=== Data for this exercise ===

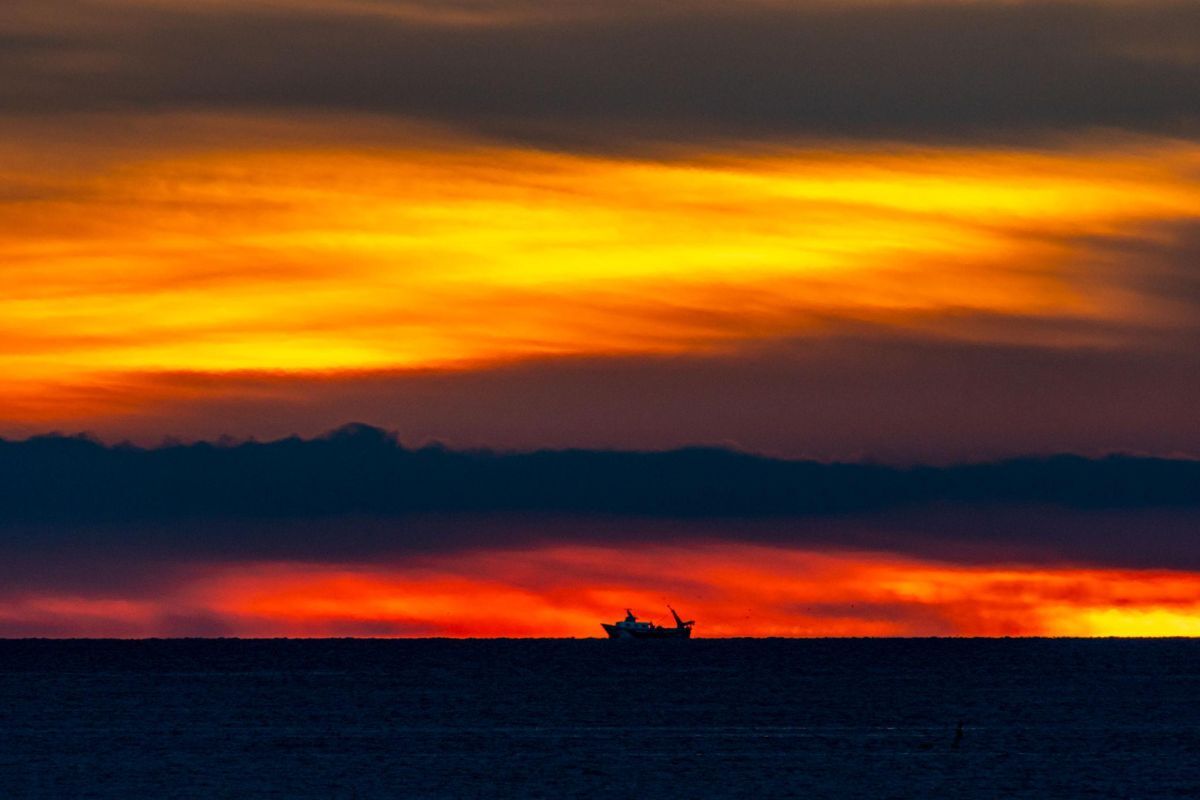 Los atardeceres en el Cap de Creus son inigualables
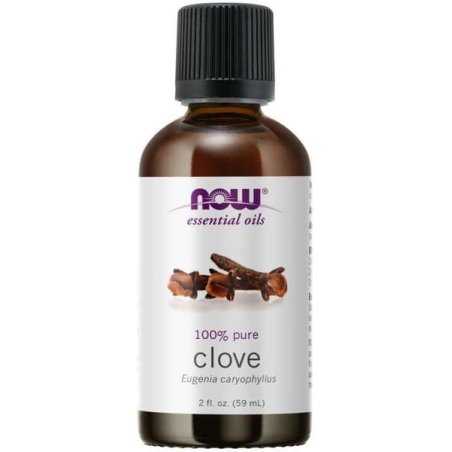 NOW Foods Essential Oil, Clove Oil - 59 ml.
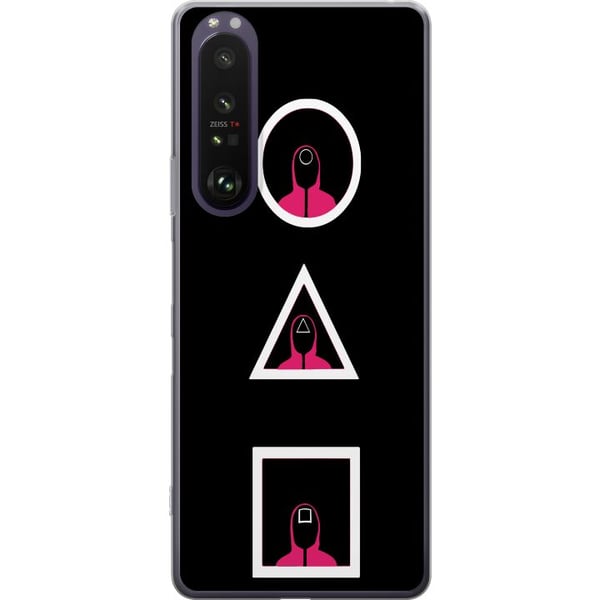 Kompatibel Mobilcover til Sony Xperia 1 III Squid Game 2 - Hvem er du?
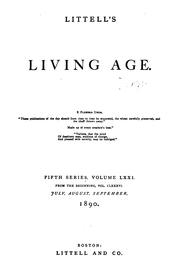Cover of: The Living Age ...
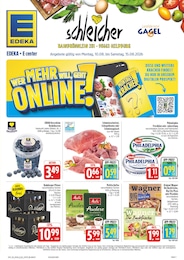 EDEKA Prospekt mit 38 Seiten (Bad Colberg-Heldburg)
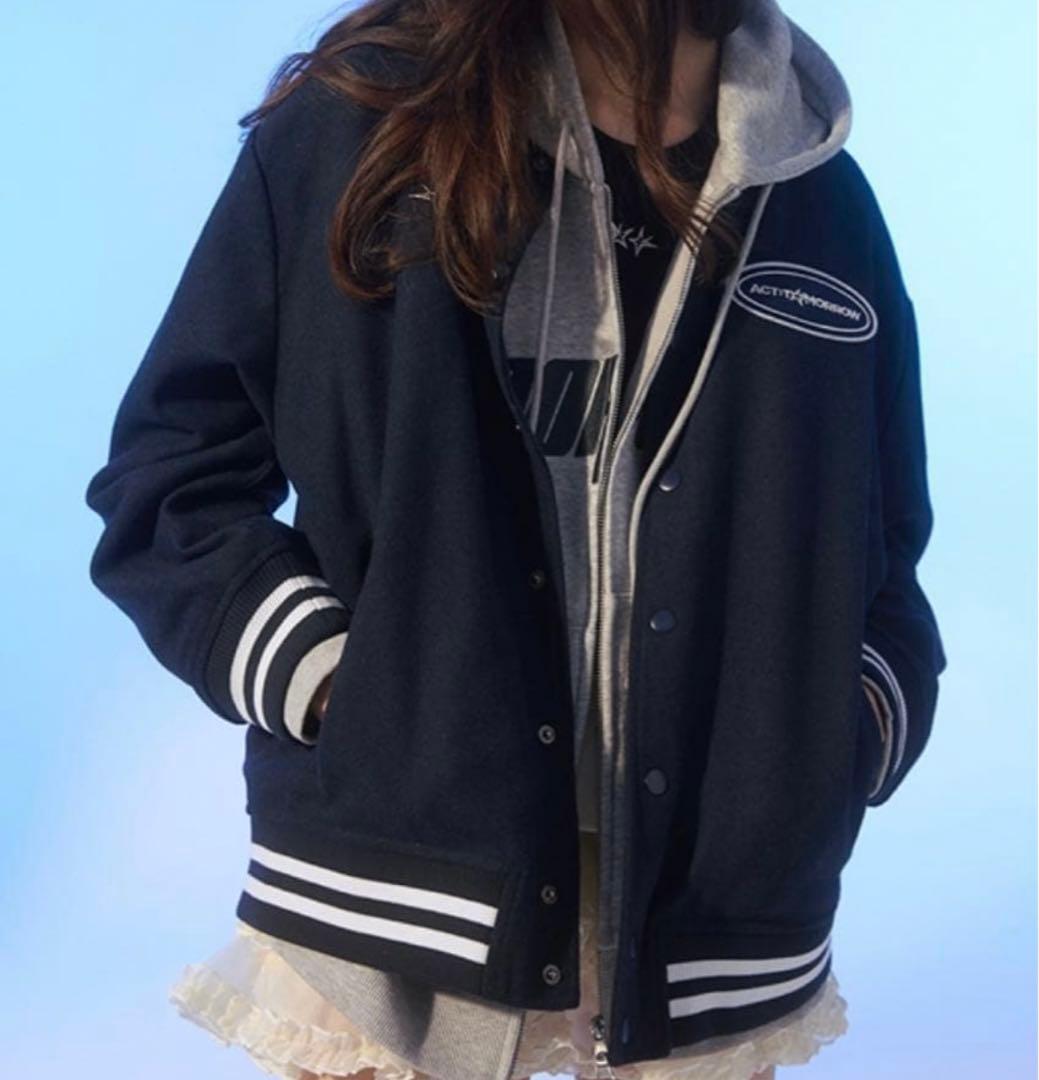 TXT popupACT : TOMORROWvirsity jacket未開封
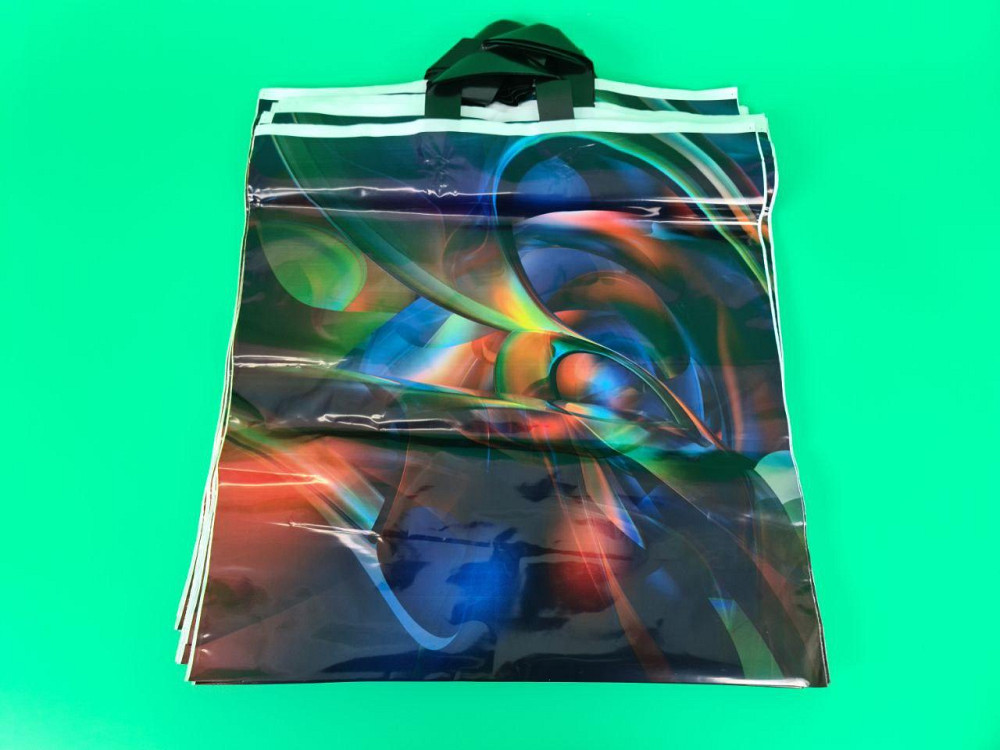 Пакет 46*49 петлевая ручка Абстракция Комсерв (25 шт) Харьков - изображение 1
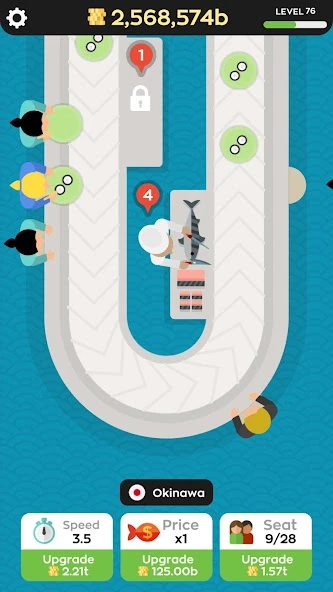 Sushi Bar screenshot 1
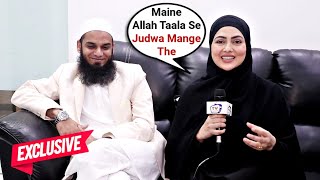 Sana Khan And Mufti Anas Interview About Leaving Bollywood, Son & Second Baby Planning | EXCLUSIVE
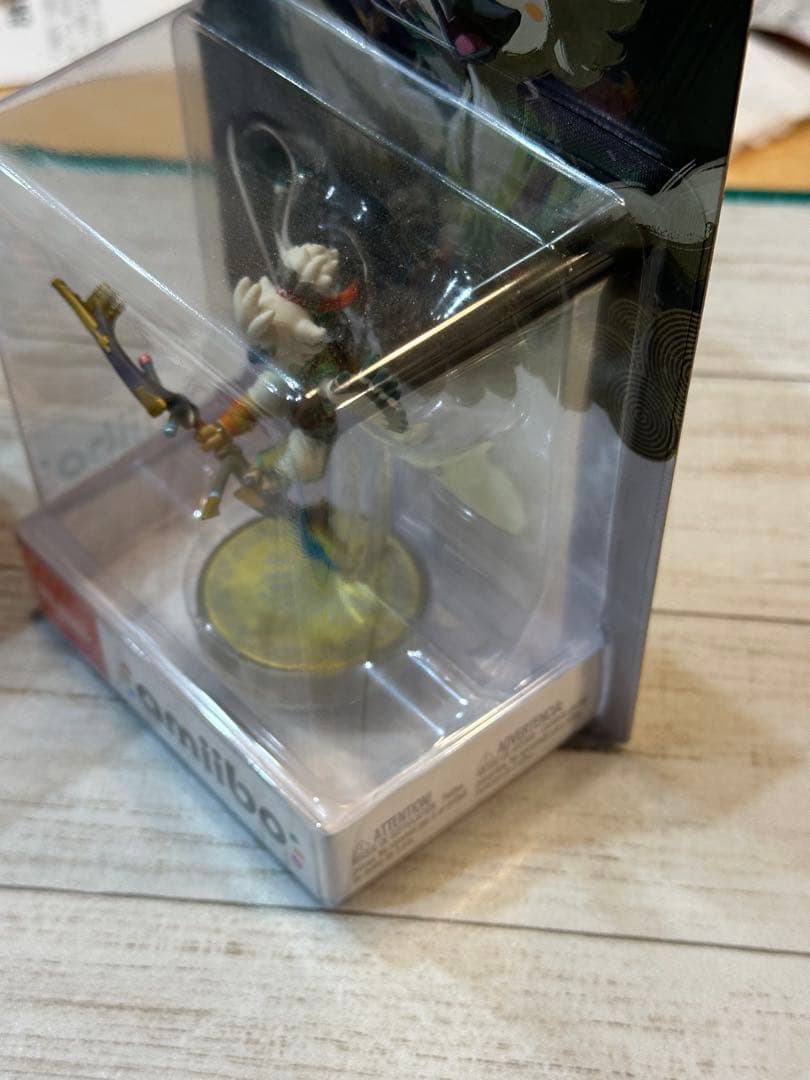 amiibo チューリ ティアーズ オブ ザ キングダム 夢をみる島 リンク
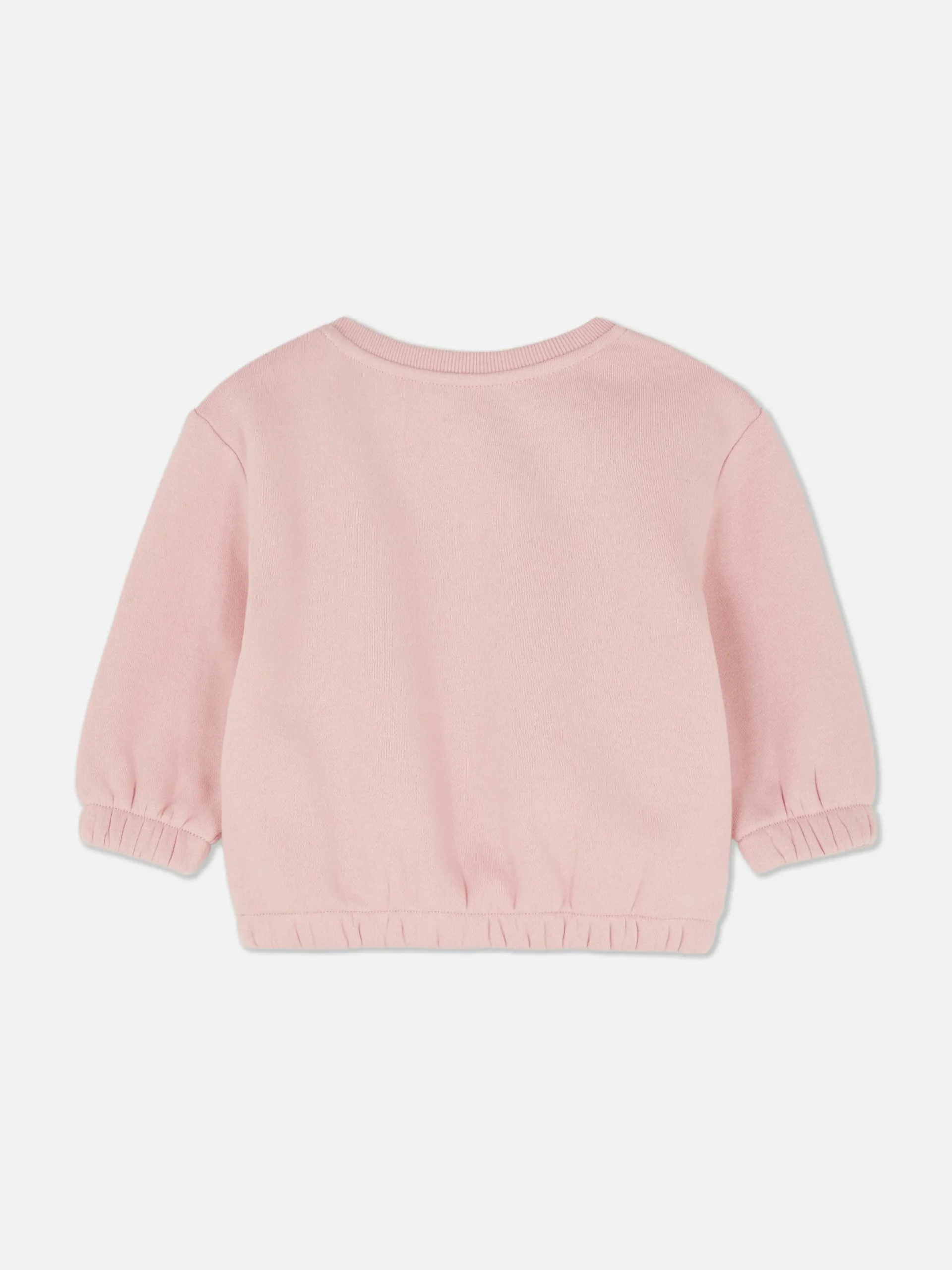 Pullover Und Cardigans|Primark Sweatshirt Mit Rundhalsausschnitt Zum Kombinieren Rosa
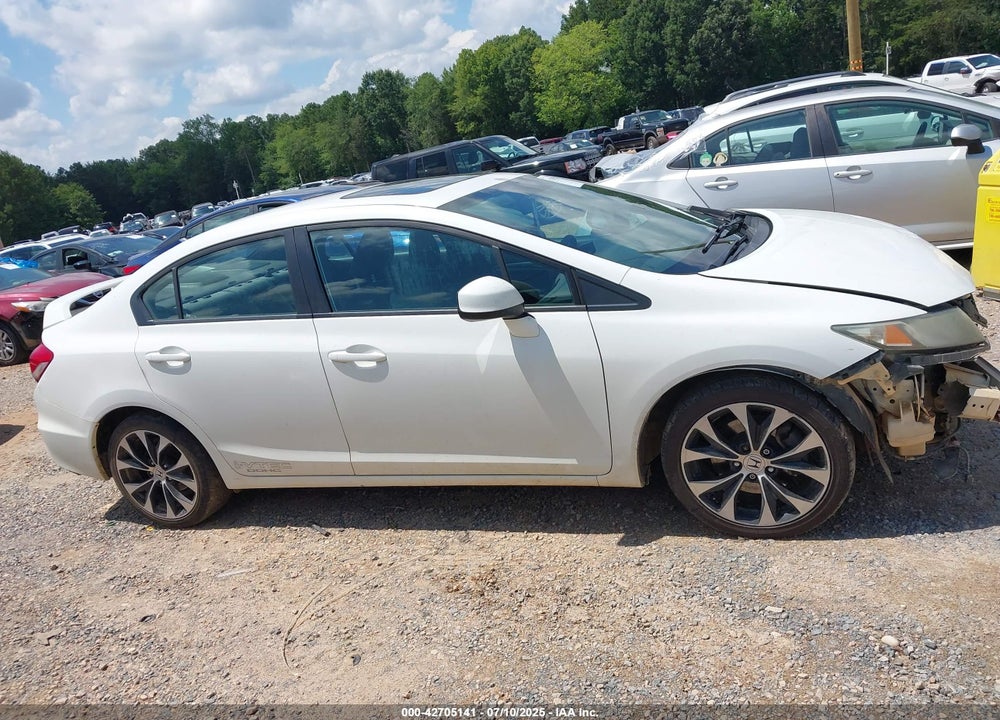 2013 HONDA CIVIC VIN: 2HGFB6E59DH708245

===

- [What the task asks]: Find the line with "Cover of: The Living Age ..." in the data above, and from there retype each line exactly through the line with "Sushi Bar screenshot 1", skipping the pictures along the way.

- [Finished exercise]:
Cover of: The Living Age ...
 EDEKA Prospekt mit 38 Seiten (Bad Colberg-Heldburg)
 TXT popupACT : TOMORROWvirsity jacket未開封
 Пакет 46*49 петлевая ручка Абстракция Комсерв (25 шт) Харьков - изображение 1
 Sushi Bar screenshot 1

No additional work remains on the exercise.